Your enjoyment of Prometheus ultimately hinges on what you are looking to get out of the film. If, like the crew of the titular spaceship, you are looking for definitive answers or a thoroughly satisfying conclusion to the outing, you are going to walk away disappointed. But if you can simply be content to watch a beautifully-shot, well-acted suspense film with a story full of plotholes and underwhelming revelations, you’ll feel like you got your money’s worth.
Ultimately, I think I fell somewhere in between disappointed and satisfied. There are parts of the film I loved and parts that left me shaking my head.
Ridley Scott is a great director and he is able to sustain that wonderful foreboding feeling and sense of mystery established in the trailers. The main characters in this film are archeologists searching for mankind’s root deep in outer space, but the film establishes a sense early that they will not like what they find. Also, while Elizabeth Shaw (Noomi Rapace) and Charlie Holloway (Logan Marshall-Green) are there simply looking for answers to life’s greatest mysteries (Where did we come from and why are we here?), there are others on the ship with ulterior motives. Meredith Vickers (Charlize Theron), who represents the company bankrolling the operation, is looking for ways to monetize this newly-discovered planet. And David (Michael Fassbender) is a human-like android with a much darker and more mysterious hidden agenda.
The film is a slow burn. Scott is able to ratchet up the tension as the team explores the gloomy, desolate rock planet, which features a labyrinth of underground tunnels. As the film goes on, you don’t know what the team will discover, but you know it won’t be good. The sets are all lavishly created and full of little nuances that help to build and sustain that tension.
And once the film starts delivering on the terror, it’s a joy to watch. There is a truly disturbing and heart-pounding scene featuring Elizabeth Shaw alone in a medical chamber attempting to perform a procedure on herself. And there are plenty of other great moments where our band of explorers must battle against things they are wholly unprepared for.
The problem is that while the film is able to reel you in with its beautiful scenery and well-crafted pacing, the story itself doesn’t make much sense if you stop to examine it too closely.
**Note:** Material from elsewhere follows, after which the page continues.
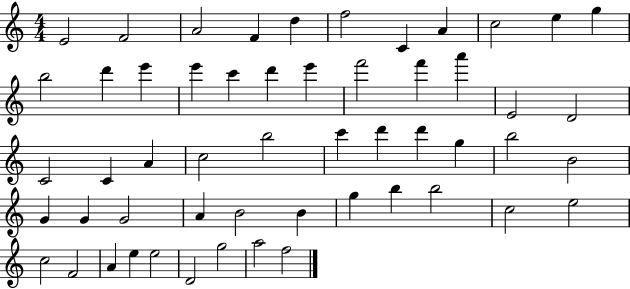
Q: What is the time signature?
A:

Like Weezer’s proverbial sweater, if any plot thread is tugged on, it quickly starts to unravel. So many things that happen in the film seem conveniently manufactured to advance the plot. Characters act in ways that defy logic in order to get them where they need to be. The ships ability to track the whereabouts of characters only seems to work when it isn’t needed. And events play out in a very specific way that seems to defy the odds of probability in order to manufacture a very specific ending.
Making matters worse is that most of the film’s “big reveals” are rather underwhelming. There is a revelation about Peter Weyland (Guy Pearce), the entrepreneur bankrolling the project, that is telegraphed rather early in the film. There’s also a reveal about Meredith Vickers late in the film that elicited more groans and eye rolls in my theater than actual surprise or enjoyment. The developments about the mysterious beings that Shaw and Holloway believe created mankind and their ties to the larger Alien mythos are more likely to leave you scratching your head than anything else.
Also, the film is rather heavy handed with its religious overtones, though it can’t seem to decided whether it is undercutting religion or supporting it. So it just ends up presenting the viewer with several ham-handed religious discussions that don’t seem to have much of a point. If the goal was ultimately to leave it up to you to decide, it would have been best to dial back the religious talk to maybe one or two quick conversations to establish the theme without beating you over the head with it.
The performance all around are quite good. Michael Fassbender owns every scene he’s in, making David seem robotic, but also filling the character with something deeper, perhaps a longing to understand what it’s like to be human. Noomi Rapace and Logan Marshall-Green do a good job carrying the film. Charlize Theron is also quite enjoyable, though her character is fairly one-dimensional.
The only two distracting bits of casting involve Guy Pearce as Peter Weyland and Idris Elba as the pilot Janek. Pearce is playing a very elderly man and the age make up he is given is unconvincing to the point of distraction. I can’t understand why Scott didn’t simply cast an elderly man in the role, which would have worked much better. And Elba has a rather unconvincing and spotty Southern accent, which detracts from an otherwise solid performance.
Still, the film has its pluses and minuses. I doubt you will be blown away by it, but if you are able to check your expectations, then you may enjoy it as the beautiful and fun, though ultimately not very deep, film it is.